Project Adventure
- Abbreviation: PA
- Formation: 1971
- Type: Youth organization
- Legal status: Non-profit organization
- Headquarters: Beverly, Massachusetts
- Location: United States;
- Executive Director & CEO: Caitlin McCormick Small
- Website: www.pa.org

= Project Adventure =

International nonprofit education organization

Project Adventure is an international nonprofit education organization based in Beverly, Massachusetts. The mission of Project Adventure is to provide leadership in the expansion of adventure-based experiential programming.

== Core activities ==

Project Adventure is a student engagement program used in schools across the United States of America and around the world. As "one of the first large-scale outdoor programs to organize as a non-profit and register youth for multi-day, educational outing programs,", the organization is widely acknowledging as influencing several trends and methodologies throughout education.

==History==

The organization known as Project Adventure began as an adventure-based physical education program at the Hamilton-Wenham Regional High School in Massachusetts in 1971. Across approximately half a heavily wooded acre behind the school, a range of stations were installed including a low tightrope, a "monkey bridge" approximately twenty feet above ground, and a trapeze hanging about six feet away from a small platform at the top of a tall pegged pole. At this latter station, students on belay climbed the pole, stood upright on the small platform, and leaped across to try to grasp the trapeze. Students developed problem solving and collaboration skills, as well as overcoming fears and gaining confidence in their physical abilities. Another related tradition at the school was the infamous "mud walk" where students in the biology program were lashed together for a walk through the Miles River swamp which abutted the Project Adventure grounds. The shortest of students often needed to be helped by others from disappearing below the surface; this support did not always keep them from being submerged temporarily, and all clothes had to be discarded after the activity. However, students were always permitted to opt out of the Project Adventure exercises and the mud walk.

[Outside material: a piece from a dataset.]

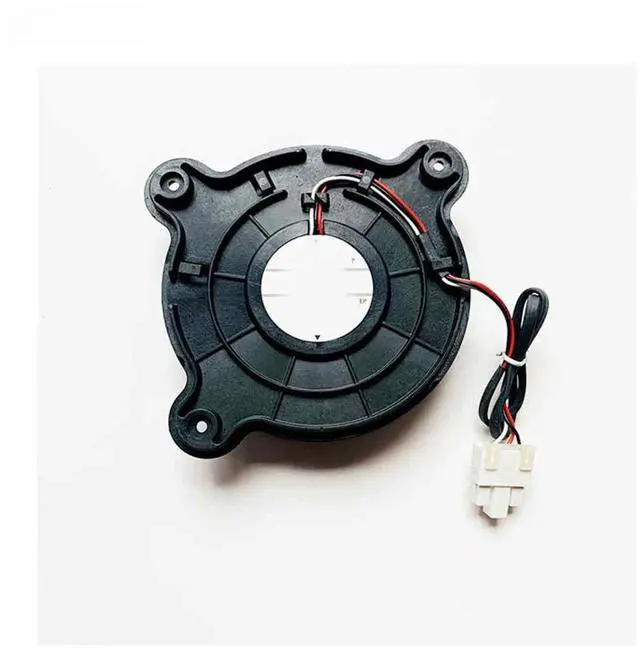 Main image of Suitable for 12035GE-12M-YT 12V 0.26A refrigerator cooling fan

By applying Outward Bound's adventure learning principles in schools, the organization received federal funding to expand its programs across the United States. This high school is located in Hamilton Massachusetts and in 2011 placed as the 9th best school in Massachusetts. As one author wrote describing the circumstances, "In some ways, [Bob] Pieh's efforts brought the work of Kurt Hahn full circle..."

== Impact ==

Researchers have studied Project Adventure and its programming extensively. They have studied many areas, including its effects on adolescent boys, cultural development, adolescent self-conception, and several other topics.

Referred to as developing the "adventure-integrated model," the organization is attributed with developing "three foundational concepts" that have affected the field of experiential education and beyond: "Challenge by choice," the "full value contract," and goal setting. The organization is also attributed with developing the Behavior Management through Adventure model, or BMtA, which is also referred to as intentional adventure therapy. Largely credited with bringing adventure education into schools, Project Adventure is credited with influencing public education in many ways.